If it’s not broken, don’t fix it!
La langue anglaise regorge d’expressions colorées dont on saisit illico tout le sens. Enfin, c’est le cas pour la plupart des gens. Parce que la compréhension de cette grande vérité de la vie citée ci-haut échappe malheureusement à trop de ténors de la ligne dure en matière de protection de la langue française au Québec.
Après l’idée farfelue de rendre obligatoire le recours au français dans nos centres de la petite enfance, après cette autre idée de génie d’interdire aux francophones et aux allophones la fréquentation de cégeps anglophones, ils dirigent maintenant leurs canons de l’intolérance vers les municipalités bilingues québécoises.
Depuis 35 ans, ces municipalités, au nombre de 84 au Québec, communiquent en français et en anglais avec leurs résidants. Leurs ordres du jour, leurs procès-verbaux, leurs avis publics, leurs règlements sont rédigés dans les deux langues et leurs fonctionnaires peuvent répondre aux citoyens en français et en anglais.
Tout semble fonctionner.

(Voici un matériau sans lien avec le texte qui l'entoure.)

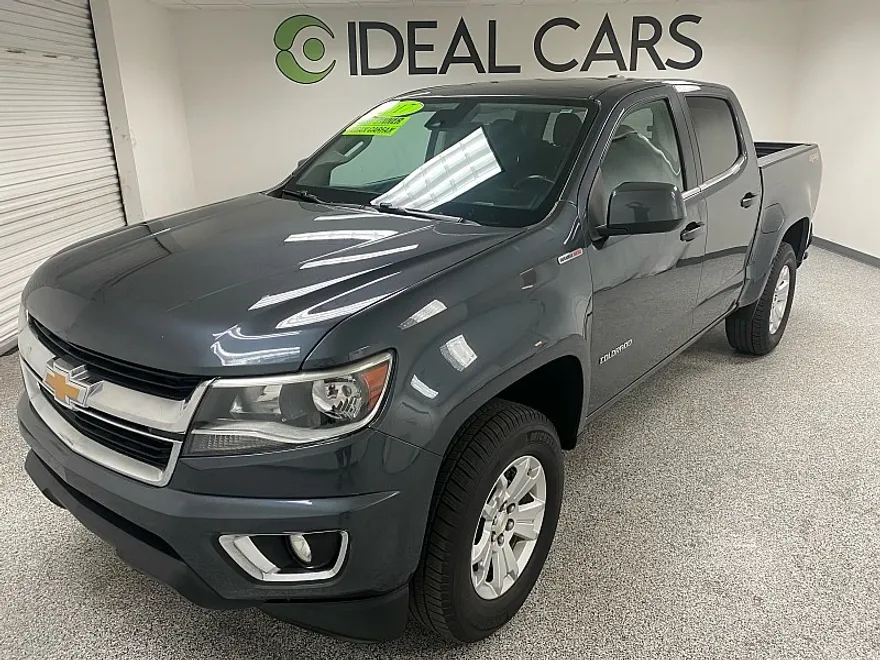 2017 Chevrolet Colorado LT photo 1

Aucun citoyen ne se plaint de la situation, aucune administration municipale n’a entamé de démarches pour restreindre ses communications dans les deux langues, aucune manifestation, de francos ou d’anglos, n’a été organisée pour dénoncer le tout. Une vraie paix linguistique existe dans ces municipalités. Une paix que menacent les purs et durs du Parti québécois.

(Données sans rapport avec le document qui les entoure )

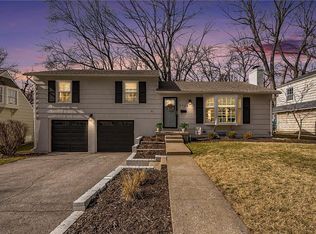7724 Aberdeen St, Prairie Village, KS 66208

Comme le rapportait ce matin ma collègue Véronique Chagnon, le gouvernement péquiste, avec son projet de loi 14 sur la révision de la Charte de la langue française, suggère de retirer le statut de bilingue aux municipalités où le nombre de citoyens anglophones est en bas de 50 %. Ces municipalités pourraient continuer d’offrir des services en anglais, mais elles devraient aussi s’en tenir au français dans ses documents écrits parce que « […] ça n’irait pas dans le sens de reconnaître que la langue officielle du Québec, c’est le français » a expliqué Martin Bilodeau, porte-parole de l’Office québécois de la langue française.
Dans notre région, deux municipalités sont touchées par le projet de loi : Lac-Brome et Sutton. La population anglophone de Lac-Brome a chuté à 47 %, selon le recensement de Statistique Canada de 2011, tandis que celle de Sutton se situe maintenant à 33 %.
À Sutton, on n’entrevoit pas vraiment de problème. Les documents municipaux sont rédigés en français et des copies en anglais sont offertes aux personnes qui en font la demande. On répond aussi en anglais aux questions quand l’occasion l’exige.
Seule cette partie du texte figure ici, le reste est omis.